The illustrations and photographs in Rainbow Reading books are attractive and, like the text, representative of a variety of styles and appealing to older students.
Stories and articles have been levelled by using the Elley Noun Frequency Method (1989) as an initial guide and also by extensive teacher-student testing and recommendation. Books are colour coded at different reading levels, starting at the Silver level with a reading difficulty level of 5-5.5 years through to Violet where text has a reading difficulty level of 11-12 years. As the stories have been carefully selected with the needs and interests of older students in mind, the books are used with students whose chronological ages are higher than their reading ages.
Text-related activities accompany each student title. The activities present text from the books in new and refreshing ways. The activities include; Cloze activities, Text Sequencing activities, Word Search activities, Dice Game activities and Writing activities.

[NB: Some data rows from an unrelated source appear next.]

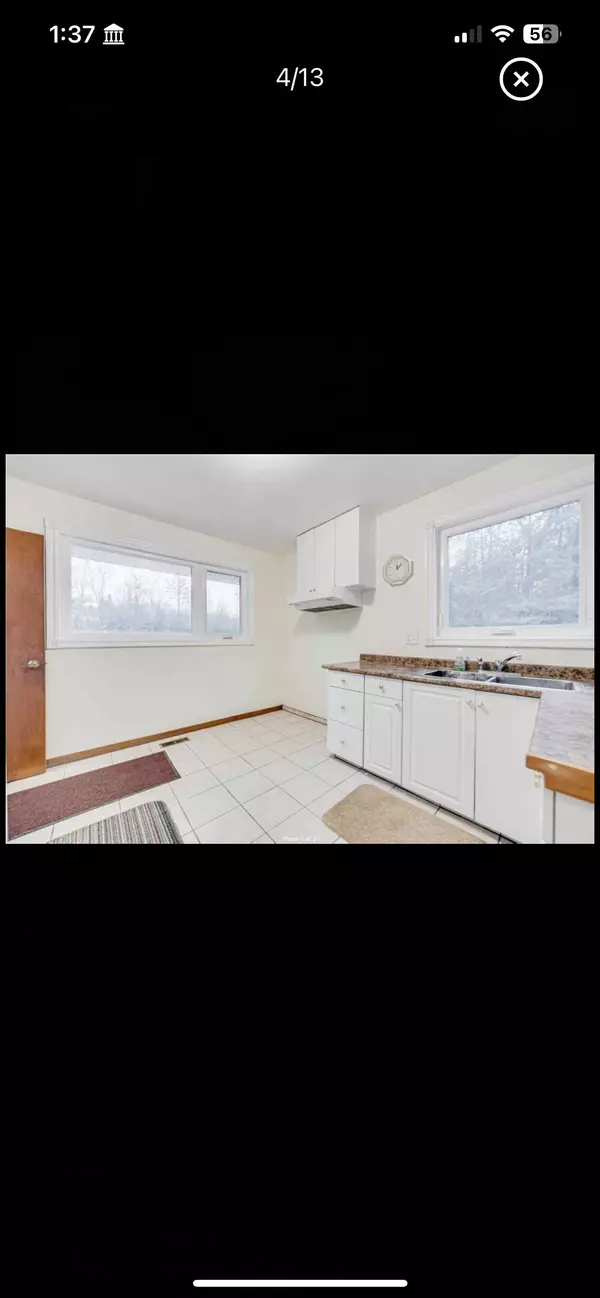 Clarington, ON L1C 6H3,3403 Holt RD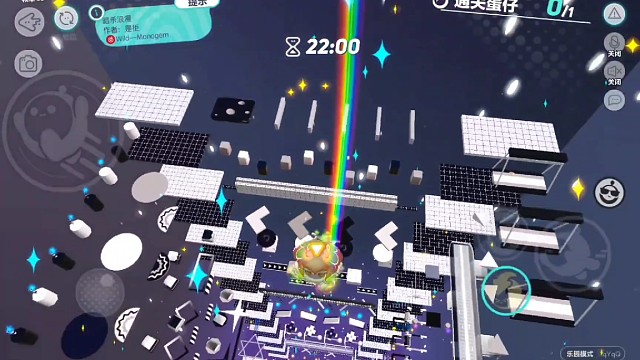 地图：暗杀浪漫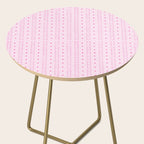 Miss Lolita Side Table Gallery Image 2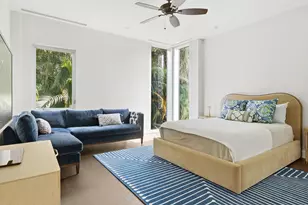 125 Churchill Rd, West Palm Beach, FL 33405 - Photo 31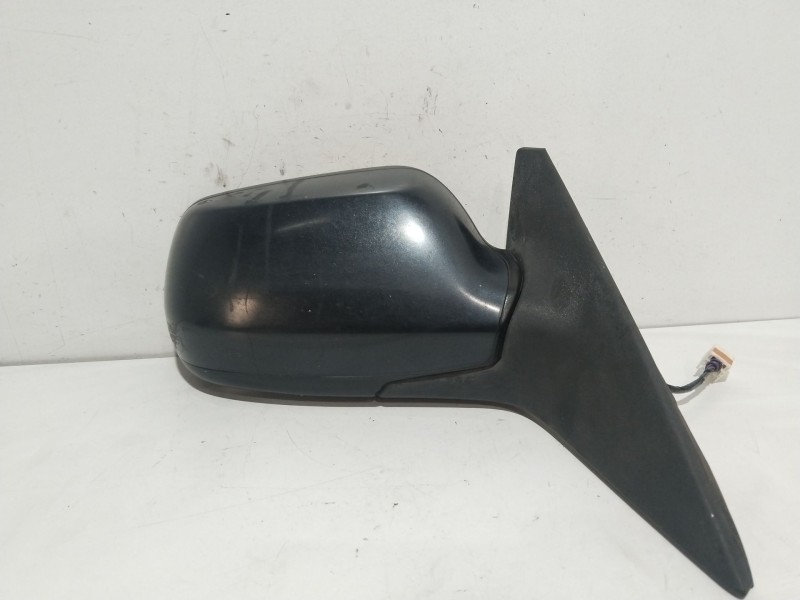 Recambio de retrovisor derecho para mazda 6 hatchback (gg) 2.0 di (gg14) referencia OEM IAM 2221IH520  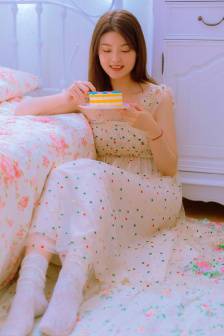 大刺杀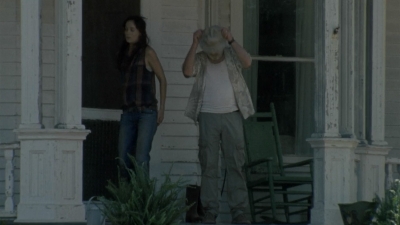 twd2x08_0574.jpg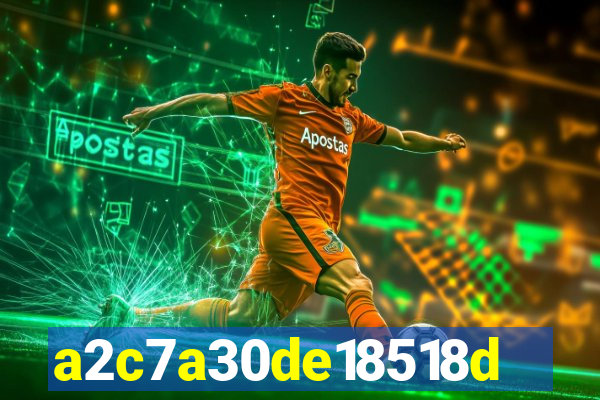 9096 bet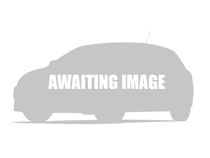 Fiat 500X 1.6 E-Torq Pop Star SUV 5dr Petrol Manual Euro 6 (110 ps)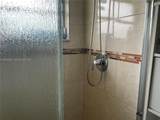 165 203rd Ter - Photo 14
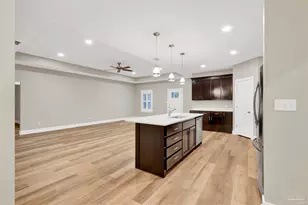 5904 N Bay Point Dr, Pensacola, FL 32507 - Photo 7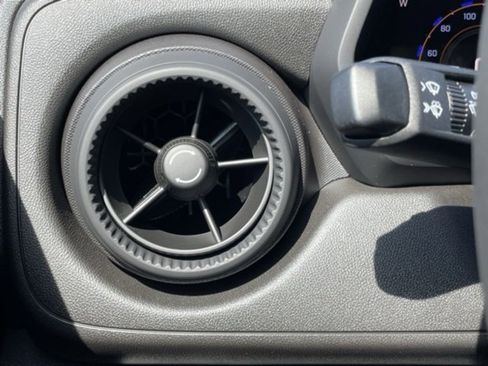 New 2026 Chevrolet Colorado Trail Boss image 15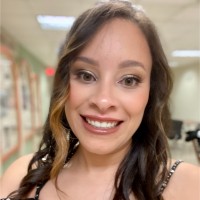 Amber Arce Email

These activities are designed to:
- reinforce skills learned while reading the text;
- provide the students with opportunities to revisit the text in different formats;
- provide further practice in reading, comprehending and organising text;
- practice in identifying words in different context;
- opportunities for searching across words in sequence;
- opportunities to link text to writing.
The audio pens that accompany the books for supported reading are specially recorded for ease of use and for maximum educational advantage as well as entertainment value.
The Rainbow Reading books have been especially printed with a code that the pen can read. The audio pen is used for both reading the story to the student as well as recording the students' own reading of the book. Students can then listen to their own recordings.